New Feature of 11gR2: Introduction to OracleClusterHealthMonitor (CHM), ClusterHealthMonitor (CHM) is a tool provided by Oracle.
New Feature of 11gR2: Oracle Cluster Health Monitor (CHM) Introduction. Cluster Health Monitor (CHM) is a tool provided by Oracle.

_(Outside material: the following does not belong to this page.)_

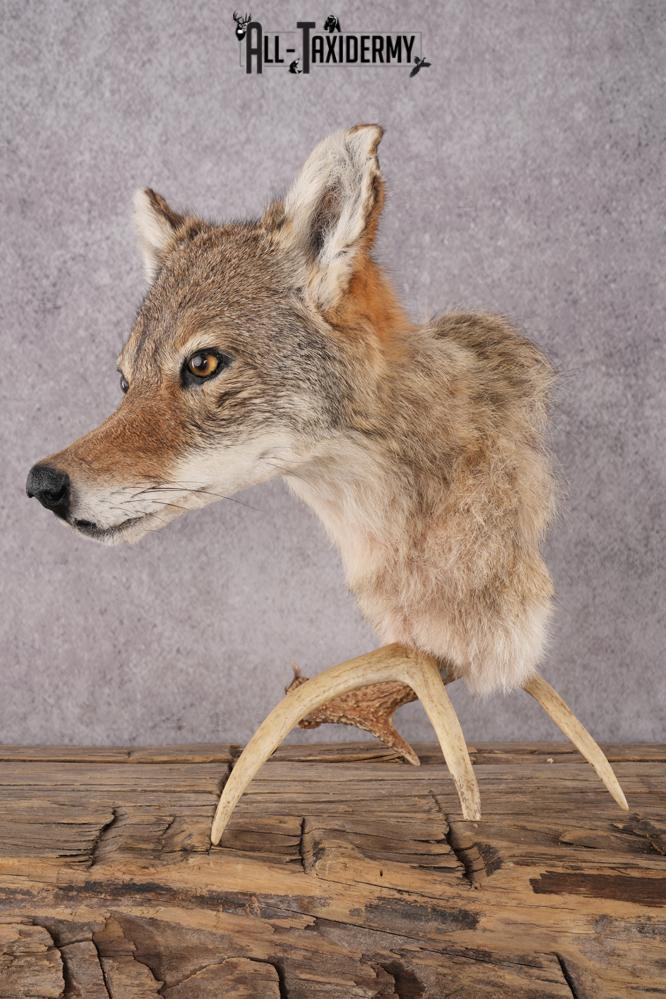 Coyote Shoulder Mount Bust SKU 2924 - Image 4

Cluster Health Monitor (CHM) is a tool provided by Oracle to automatically collect operating system resources (such as CPU, memory, SWAP, process, I/O, and network). CHM collects data once per second.
These system resource data is very helpful for diagnosing cluster system node restart, Hang, instance Eviction, and performance problems. In addition, you can use CHM to detect problems such as high system load and abnormal memory, so as to avoid more serious problems.
CHM is automatically installed in the following software:
11.2.0.2 and later versions of Oracle Grid Infrastructure for Linux (excluding Linux Itanium), Solaris (iSCSI 64 and x86-64)
11.2.0.3 and later versions: Oracle Grid Infrastructure for AIX and Windows (excluding Windows Itanium ).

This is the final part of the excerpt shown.